In it he unfolds the noticeably autobiographically motivated story of the young assistant teacher Karl, who – just like his creator once did before him – leaves Germany at the age of just 23 to lead a different, more intense life in the USA than he did Homeland Cologne has been able to offer so far. And when he meets the charismatic student Stella in Missouri, with whom he begins a love affair, the new US existence suddenly makes sense for Karl.
Gregor Hens unfolds his second American love story in a gripping manner. And for a long time the happiness between the German and the young American, who has very special abilities, seems inviolable. Until Karl stands across from Stella’s mother, Janet, in the hills of Missouri – and his relationship with Stella becomes unbalanced. Janet entangles Karl in an erotic game. “What did she want from me? Had I done something to encourage her behavior? Could there be a more grotesque temptation?”
For a while, Karl was still able to evade Janet’s advances. Until he finally gives in to her – and loses Stella. “She had taken what she wanted to take, she had coerced and seduced me, me, the friend of her own daughter. There was only one possibility: disappear.”
Karl flees to Berkeley, where he takes up a new position at the university there – and the connection to Stella is finally broken. Hens confidently prevents his material from slipping into the overly emotional or merely veiled epigonal. Because the story of the young man who loves his daughter and who ends up cheating on his mother is in itself a story – and at least since Mike Nichol’s classic movie “The Graduation” from 1967 it has been mined.

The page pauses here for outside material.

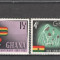 Ghana.1963 100 ani Crucea Rosie DX.43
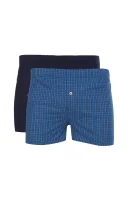 Woven Boxer Shorts Tommy Hilfiger 	sötét kék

But by increasing his material to the story of a doubt that has become comprehensive, Hens gains something new from it. “Missouri” tells of people who each try to save themselves in their own way: Karl, who has reached his limits emotionally and disappears. Just like Janet, who tries to forget the failure of her marriage in the liaison with him. And also Stella, who quickly disappears into a new relationship, will remain trapped in her memories for a long time.
In the end, the narrator of this rousing novel takes refuge in the description of its story in order to gain distance from it. From a literary point of view, this is not exactly new – but in its psychological accuracy it is very convincing here.